Akdeniz kıyısında, Türkiye’nin güneyinde Mersin ilinde Aydıncık ve Silifke arasında yer alan Akkuyu Nükleer Santrali, Kıbrıs adasında Girne veya Kyranios’a sadece 88 kilometre uzaklıkta yer alıyor. Kıbrıslılar, Akkuyu’da meydana gelecek bir nükleer kazanın en çok kendilerine zarar vereceğini gayet iyi biliyor. Bu nedenle uzun yıllardır nükleer karşıtı mücadele veren tüm güçlerin ulusal sınırları tanımadan bir araya gelmeleri gerekli. 

Kâra dayalı sistemi ortadan kaldırmak

Kapitalizmde üretimin toplumsal olmasına karşın bölüşümün bireysel olması üretimin direkt ihtiyaç için değil, bilakis artık kâr için yapılmasını doğurur. Üretimin esas olarak kâr için yapıldığı bir sistemde daha fazla kâr dürtüsü, gerek insanın gerekse de doğanın ihtiyaçlarının geri plana atılmasına götürür. Son zamanlarda nükleer enerjiyi yeniden destekleme dürtüsü, dünyayı, dolayısıyla insanları ve doğayı kurtarmak için kâr sisteminin ortadan kaldırılması gerektiğini kanıtlıyor. 

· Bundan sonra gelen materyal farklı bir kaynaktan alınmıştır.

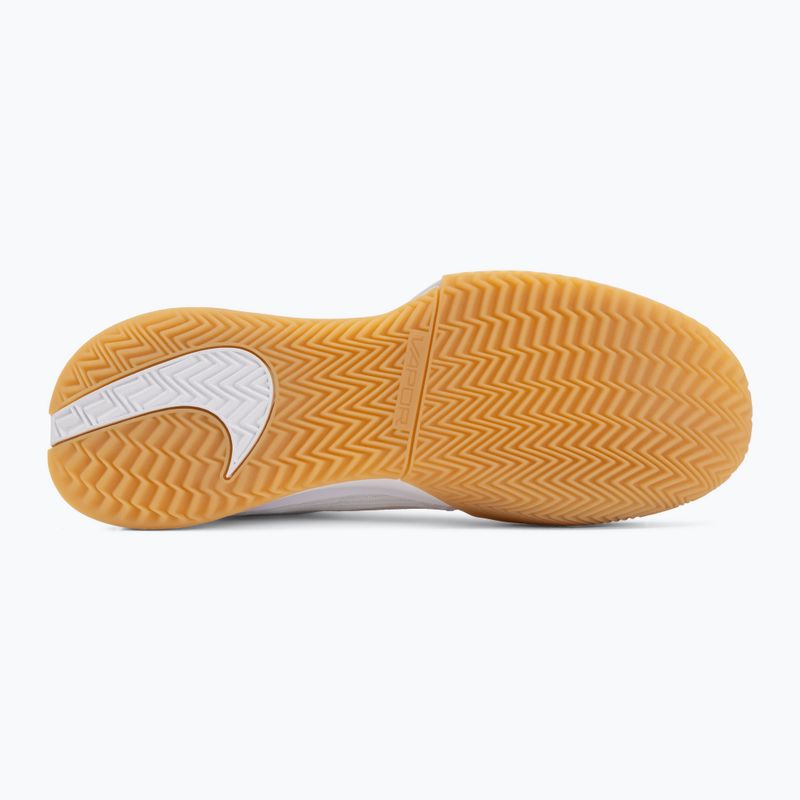 Мъжки обувки за тенис Nike Vapor Pro 3 Clay white/linen/linen/light orewood brown 4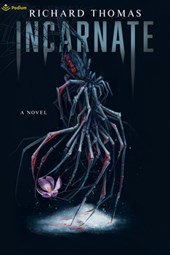 Thomas, R: Incarnate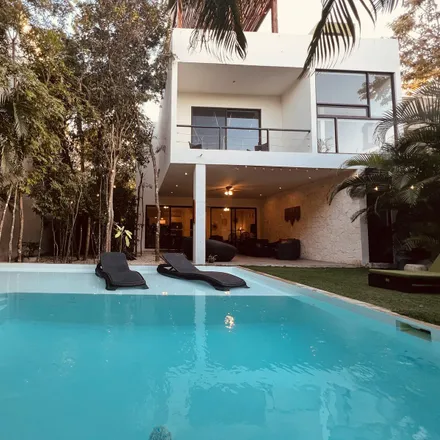 Buy this 5 bed apartment on Calle 3 in 77765 Tulum, ROO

Bu ise üretim için gerekli olan üretim araçlarının bireysel mülkiyetinin kaldırılıp tüm insanların kolektif mülkiyetine geçirilmesi ile mümkün olabilir. Kârın ortadan kalktığı bir sistemde reklam, ambalaj, kısa süreli tüketim için kalitesiz imalat gibi gereksiz enerji tüketimine neden olan faktörler ortadan kalkacaktır.

Bir yandan mevcut tüm NGS’lerin kapatılması için mücadele ederken, bugün derinleşen enerji krizinin başlıca nedeni aşırı meta üretimine dayalı kapitalizmdir.  Doğanın, dolayısıyla da yaşamın kurtarılması konusunda köklü bir çözüm sağlamak için; NGS’lere ve doğa katliamlarına karşı verilen mücadele ile üretimde kârın değil de doğayla uyum içerisinde olacak biçimde insan ihtiyaçlarının merkeze konulduğu, demokratik bir ekonomik planlanmanın küresel çapta hayata geçirilebileceği sosyalist bir dünya için verilen sınıf mücadelesinin birleştirilmesi gerekiyor.